You see there are lots of information stored...

well i have tried to do write a scraper with Perl - but i had no luck. Perl is for newbies very very hard. Afterwards i tired to write a parser in PHP - it is a bit easier. But the site (see the detail-resultpages) are a bit complex. How to parse them - in order to get the dataset for a locally based MySQL database. Then i have more opportunities for a retrieval. I want to get the datas to have them local (on my OpenSuse Linux System Version 11.3) in a MySQL-database.

well: i have three parts:

fetching
parsing
storing (in MySQL: that is creating a MySQL-dump)

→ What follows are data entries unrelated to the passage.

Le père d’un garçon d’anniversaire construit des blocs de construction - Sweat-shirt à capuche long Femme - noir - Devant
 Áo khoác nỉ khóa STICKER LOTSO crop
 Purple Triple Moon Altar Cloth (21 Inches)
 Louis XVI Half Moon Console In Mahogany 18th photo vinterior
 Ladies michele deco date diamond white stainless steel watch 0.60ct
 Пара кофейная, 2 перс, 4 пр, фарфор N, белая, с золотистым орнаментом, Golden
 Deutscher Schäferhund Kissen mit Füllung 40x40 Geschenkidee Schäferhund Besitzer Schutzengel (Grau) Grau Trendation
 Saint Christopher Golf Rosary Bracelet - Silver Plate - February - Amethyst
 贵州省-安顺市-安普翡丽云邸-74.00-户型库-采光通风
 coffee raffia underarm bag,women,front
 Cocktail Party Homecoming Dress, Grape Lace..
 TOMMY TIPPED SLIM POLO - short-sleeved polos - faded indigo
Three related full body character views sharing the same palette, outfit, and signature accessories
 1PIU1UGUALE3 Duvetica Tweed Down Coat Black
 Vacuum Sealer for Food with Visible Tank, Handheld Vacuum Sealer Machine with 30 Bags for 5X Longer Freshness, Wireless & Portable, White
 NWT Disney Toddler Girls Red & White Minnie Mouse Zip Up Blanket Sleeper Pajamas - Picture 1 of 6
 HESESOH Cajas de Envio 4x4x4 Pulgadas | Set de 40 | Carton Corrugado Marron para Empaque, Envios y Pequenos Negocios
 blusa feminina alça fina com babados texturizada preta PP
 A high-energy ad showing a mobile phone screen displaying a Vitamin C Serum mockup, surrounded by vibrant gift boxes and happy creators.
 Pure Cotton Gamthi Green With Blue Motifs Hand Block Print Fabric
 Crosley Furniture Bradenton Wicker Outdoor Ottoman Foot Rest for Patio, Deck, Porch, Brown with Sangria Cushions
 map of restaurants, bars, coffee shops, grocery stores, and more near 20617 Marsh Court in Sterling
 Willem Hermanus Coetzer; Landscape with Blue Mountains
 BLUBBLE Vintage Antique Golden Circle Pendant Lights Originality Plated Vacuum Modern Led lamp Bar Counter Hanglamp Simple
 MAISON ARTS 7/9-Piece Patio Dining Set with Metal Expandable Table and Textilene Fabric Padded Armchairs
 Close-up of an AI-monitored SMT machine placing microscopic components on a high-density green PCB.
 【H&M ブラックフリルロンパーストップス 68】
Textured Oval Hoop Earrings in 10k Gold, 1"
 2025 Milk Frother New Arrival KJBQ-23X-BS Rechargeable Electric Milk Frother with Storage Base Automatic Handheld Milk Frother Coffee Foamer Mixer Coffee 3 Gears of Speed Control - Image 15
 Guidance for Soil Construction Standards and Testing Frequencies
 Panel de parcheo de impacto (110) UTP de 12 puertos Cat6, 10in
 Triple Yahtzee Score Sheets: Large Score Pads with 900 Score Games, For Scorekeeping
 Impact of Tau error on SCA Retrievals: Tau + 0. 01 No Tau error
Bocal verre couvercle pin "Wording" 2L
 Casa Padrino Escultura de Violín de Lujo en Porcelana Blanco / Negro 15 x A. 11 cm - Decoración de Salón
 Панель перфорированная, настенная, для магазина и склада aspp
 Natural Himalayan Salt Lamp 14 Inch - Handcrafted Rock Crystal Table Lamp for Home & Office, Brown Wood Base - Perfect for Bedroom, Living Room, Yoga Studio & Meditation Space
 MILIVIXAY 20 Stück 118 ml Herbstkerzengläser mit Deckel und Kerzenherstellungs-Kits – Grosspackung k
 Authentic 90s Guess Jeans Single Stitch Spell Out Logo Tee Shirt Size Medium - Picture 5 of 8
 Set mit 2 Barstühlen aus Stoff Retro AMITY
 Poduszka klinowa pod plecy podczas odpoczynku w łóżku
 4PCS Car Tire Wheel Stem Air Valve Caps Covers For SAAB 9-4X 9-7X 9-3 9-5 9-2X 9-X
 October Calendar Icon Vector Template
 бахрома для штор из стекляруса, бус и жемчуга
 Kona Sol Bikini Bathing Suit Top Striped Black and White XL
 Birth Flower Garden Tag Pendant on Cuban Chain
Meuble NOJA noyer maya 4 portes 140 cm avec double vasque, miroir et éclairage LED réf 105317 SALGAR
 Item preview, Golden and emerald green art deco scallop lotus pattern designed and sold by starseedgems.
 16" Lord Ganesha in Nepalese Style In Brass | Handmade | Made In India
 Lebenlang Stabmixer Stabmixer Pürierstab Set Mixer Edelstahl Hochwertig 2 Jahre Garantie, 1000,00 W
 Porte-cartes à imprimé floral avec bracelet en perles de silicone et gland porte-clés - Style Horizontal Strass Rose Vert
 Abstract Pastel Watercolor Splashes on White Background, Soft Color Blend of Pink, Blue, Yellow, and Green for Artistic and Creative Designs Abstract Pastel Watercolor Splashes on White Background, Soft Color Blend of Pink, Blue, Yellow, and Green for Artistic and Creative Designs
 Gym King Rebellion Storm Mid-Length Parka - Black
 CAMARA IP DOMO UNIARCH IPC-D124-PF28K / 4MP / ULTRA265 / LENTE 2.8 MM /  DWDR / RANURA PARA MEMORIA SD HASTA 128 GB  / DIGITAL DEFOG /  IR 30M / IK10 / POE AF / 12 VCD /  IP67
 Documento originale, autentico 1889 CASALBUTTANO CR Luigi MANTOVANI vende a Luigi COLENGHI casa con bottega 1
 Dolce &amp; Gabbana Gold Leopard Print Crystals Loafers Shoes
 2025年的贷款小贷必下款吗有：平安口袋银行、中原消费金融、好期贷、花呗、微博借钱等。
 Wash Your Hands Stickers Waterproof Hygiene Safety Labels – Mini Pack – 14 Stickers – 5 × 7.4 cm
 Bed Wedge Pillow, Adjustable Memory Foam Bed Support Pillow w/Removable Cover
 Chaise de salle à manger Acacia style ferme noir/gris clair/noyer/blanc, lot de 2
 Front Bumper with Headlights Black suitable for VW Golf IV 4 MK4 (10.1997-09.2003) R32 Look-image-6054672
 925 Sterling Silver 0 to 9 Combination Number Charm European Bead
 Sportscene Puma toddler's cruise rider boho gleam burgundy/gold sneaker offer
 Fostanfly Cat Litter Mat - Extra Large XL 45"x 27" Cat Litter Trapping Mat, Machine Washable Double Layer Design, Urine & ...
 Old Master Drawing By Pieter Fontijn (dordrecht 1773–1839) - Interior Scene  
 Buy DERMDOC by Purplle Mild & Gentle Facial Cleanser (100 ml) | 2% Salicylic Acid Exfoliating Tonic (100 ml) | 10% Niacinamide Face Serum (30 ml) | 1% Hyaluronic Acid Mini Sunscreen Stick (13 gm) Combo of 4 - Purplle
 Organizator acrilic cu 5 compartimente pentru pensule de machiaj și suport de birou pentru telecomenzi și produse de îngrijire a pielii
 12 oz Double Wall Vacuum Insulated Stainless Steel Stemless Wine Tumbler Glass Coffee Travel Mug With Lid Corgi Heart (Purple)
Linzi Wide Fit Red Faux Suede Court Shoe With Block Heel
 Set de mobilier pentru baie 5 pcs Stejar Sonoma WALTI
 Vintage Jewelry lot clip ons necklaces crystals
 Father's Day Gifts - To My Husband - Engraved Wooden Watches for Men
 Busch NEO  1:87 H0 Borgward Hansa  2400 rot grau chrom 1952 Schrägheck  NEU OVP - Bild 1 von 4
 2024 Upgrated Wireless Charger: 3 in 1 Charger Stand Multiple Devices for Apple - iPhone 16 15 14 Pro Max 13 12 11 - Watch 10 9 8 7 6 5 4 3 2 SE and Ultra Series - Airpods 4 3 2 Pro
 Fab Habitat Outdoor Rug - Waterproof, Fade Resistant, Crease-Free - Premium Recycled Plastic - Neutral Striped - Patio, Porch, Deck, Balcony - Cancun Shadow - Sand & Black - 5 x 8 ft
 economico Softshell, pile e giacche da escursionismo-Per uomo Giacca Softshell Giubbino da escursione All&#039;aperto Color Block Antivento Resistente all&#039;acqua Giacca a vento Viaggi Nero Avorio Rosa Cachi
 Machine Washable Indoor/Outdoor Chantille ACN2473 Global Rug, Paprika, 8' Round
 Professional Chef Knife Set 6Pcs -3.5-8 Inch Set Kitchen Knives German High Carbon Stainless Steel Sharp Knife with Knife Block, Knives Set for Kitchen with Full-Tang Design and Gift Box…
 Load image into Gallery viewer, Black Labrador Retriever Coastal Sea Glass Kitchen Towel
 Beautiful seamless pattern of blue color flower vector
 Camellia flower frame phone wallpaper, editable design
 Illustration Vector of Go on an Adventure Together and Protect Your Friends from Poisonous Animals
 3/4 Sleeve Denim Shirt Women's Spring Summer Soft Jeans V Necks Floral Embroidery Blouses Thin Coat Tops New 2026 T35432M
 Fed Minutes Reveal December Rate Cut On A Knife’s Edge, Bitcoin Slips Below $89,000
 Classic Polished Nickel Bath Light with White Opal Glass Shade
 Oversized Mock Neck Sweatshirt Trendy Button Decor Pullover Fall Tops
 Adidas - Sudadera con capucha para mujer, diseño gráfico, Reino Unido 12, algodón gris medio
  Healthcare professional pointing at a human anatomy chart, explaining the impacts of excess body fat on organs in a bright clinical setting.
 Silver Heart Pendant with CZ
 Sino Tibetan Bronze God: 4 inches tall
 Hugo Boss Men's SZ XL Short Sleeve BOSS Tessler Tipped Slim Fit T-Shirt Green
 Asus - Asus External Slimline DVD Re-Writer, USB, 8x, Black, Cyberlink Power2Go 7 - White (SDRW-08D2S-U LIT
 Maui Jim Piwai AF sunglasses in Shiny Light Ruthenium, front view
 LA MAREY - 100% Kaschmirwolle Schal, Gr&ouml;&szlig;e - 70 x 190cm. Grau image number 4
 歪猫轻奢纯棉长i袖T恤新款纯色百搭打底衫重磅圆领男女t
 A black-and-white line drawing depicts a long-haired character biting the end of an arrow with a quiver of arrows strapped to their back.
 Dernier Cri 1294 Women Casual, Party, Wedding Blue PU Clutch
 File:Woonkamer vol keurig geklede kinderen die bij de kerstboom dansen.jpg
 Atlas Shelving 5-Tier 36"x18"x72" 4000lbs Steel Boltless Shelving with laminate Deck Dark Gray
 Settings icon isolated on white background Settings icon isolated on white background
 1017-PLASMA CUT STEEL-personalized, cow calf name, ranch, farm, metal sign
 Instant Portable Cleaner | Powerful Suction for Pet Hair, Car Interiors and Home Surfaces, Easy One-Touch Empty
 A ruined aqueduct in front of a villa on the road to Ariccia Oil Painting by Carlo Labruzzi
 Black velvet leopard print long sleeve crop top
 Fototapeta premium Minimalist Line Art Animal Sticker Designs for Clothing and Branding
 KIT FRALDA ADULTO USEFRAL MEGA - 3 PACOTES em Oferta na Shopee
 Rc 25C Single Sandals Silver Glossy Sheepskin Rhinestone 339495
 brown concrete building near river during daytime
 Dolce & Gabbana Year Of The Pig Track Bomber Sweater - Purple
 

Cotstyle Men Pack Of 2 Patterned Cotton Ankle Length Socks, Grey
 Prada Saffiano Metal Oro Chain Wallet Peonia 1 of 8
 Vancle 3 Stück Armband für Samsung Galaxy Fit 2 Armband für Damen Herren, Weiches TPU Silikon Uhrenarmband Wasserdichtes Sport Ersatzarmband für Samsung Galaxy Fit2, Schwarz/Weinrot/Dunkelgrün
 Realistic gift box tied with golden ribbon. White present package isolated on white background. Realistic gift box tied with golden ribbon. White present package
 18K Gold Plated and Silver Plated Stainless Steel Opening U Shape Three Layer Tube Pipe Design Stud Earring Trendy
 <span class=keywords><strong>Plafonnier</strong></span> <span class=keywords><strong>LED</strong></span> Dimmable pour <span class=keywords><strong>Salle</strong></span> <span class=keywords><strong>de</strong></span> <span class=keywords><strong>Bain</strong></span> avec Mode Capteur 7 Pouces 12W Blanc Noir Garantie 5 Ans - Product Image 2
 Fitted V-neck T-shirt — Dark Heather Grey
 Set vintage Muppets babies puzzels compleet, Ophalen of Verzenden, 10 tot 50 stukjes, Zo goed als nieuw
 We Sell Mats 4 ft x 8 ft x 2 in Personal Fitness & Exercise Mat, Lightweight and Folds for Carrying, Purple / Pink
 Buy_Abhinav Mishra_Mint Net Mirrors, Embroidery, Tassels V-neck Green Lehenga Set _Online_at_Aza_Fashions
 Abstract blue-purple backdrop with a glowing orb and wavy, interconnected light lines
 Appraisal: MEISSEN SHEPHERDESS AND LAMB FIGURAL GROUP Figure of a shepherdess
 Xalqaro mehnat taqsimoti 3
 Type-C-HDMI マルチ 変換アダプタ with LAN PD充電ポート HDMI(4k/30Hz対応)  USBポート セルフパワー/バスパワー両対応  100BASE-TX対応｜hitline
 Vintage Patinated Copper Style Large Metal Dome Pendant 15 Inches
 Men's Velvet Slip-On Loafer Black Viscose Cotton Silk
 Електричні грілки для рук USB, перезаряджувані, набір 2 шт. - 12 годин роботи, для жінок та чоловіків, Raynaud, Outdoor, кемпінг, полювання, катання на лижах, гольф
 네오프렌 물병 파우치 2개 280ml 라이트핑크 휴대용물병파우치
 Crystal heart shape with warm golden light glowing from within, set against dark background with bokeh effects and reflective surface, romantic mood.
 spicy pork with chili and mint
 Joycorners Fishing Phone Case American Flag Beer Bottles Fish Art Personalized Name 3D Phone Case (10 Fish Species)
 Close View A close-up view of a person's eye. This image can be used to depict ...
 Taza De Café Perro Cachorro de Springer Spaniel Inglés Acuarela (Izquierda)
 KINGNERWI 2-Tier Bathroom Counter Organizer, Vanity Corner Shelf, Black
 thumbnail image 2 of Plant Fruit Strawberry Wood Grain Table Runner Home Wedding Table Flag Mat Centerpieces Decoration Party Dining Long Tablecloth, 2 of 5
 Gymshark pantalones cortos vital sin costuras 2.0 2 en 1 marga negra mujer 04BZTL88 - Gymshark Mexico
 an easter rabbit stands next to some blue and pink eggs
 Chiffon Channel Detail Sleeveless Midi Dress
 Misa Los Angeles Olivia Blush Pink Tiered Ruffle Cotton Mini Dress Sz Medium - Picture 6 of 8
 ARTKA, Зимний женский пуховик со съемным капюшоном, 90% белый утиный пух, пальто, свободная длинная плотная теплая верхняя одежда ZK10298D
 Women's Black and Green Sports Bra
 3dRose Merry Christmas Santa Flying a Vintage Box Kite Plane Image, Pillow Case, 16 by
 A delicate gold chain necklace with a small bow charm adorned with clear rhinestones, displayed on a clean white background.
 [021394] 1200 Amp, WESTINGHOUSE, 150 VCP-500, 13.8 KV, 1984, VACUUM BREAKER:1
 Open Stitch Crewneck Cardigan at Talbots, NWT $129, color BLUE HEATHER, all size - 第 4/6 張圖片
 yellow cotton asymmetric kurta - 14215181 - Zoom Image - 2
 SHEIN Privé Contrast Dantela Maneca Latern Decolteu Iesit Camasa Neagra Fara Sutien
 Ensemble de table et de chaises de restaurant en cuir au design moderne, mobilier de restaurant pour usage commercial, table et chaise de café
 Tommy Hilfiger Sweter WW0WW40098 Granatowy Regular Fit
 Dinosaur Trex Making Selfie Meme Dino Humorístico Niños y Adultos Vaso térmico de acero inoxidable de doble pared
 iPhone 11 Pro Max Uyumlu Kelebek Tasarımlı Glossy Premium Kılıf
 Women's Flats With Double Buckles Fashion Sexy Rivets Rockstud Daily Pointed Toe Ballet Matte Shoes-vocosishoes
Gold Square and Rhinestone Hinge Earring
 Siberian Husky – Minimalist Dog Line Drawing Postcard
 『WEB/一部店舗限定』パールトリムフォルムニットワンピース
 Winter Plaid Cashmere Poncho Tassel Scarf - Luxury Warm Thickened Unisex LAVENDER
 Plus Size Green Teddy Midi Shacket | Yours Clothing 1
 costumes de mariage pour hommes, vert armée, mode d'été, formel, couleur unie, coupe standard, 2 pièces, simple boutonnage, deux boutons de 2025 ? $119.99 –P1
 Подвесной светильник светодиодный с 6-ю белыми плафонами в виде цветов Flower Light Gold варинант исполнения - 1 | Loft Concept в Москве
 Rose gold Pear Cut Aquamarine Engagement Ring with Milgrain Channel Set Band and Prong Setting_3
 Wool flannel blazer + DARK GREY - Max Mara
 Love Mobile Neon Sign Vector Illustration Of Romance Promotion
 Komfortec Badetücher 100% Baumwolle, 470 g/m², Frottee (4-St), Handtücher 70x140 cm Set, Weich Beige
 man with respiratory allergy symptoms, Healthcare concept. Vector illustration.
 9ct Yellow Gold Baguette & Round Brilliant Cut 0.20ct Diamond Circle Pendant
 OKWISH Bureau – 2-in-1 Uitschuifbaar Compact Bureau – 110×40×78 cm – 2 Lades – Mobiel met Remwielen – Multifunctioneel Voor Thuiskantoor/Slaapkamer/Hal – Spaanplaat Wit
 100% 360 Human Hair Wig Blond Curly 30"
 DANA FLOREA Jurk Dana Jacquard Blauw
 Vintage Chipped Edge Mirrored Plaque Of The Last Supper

Since i have some very little experience with XPath i have a Xpather-Tool in my Mozilla-Browser. But i am not sure how i should apply them - see the data i gathered - below: Perhaps some of you can help me here - and show me how to apply them in a parsercode:

I love to hear from you

See here some details: for the results (from the approx 213 different records) - see two resultpages: - gathered some Xpath-datas:

Example: Bürgerstiftung Wiesloch http://buergerstiftungen.de/cps/rde/xchg/SID-A7DCD0D1-702CE0FA/buergerstiftungen/hs.xsl/db_20289.htm

/html/body/div[@id='main']/div[@id='wrapper']/div[@id='inner']/div[@id='marginalblock']/div[1]/p

Gründungsgeschichte /html/body/div[@id='main']/div[@id='wrapper']/div[@id='inner']/div[@id='contentblock']/div/p[1]/strong
Kurzvorstellung/Ziele /html/body/div[@id='main']/div[@id='wrapper']/div[@id='inner']/div[@id='contentblock']/div/p[2]/span[2]/span/b
Projekte /html/body/div[@id='main']/div[@id='wrapper']/div[@id='inner']/div[@id='contentblock']/div/p[3]/span[2]/span/strong

Kontakt: /html/body/div[@id='main']/div[@id='wrapper']/div[@id='inner']/div[@id='marginalblock']/div[1]/h6

well how to apply them in the Libxml - in order to get the PARSER-Part up and running!?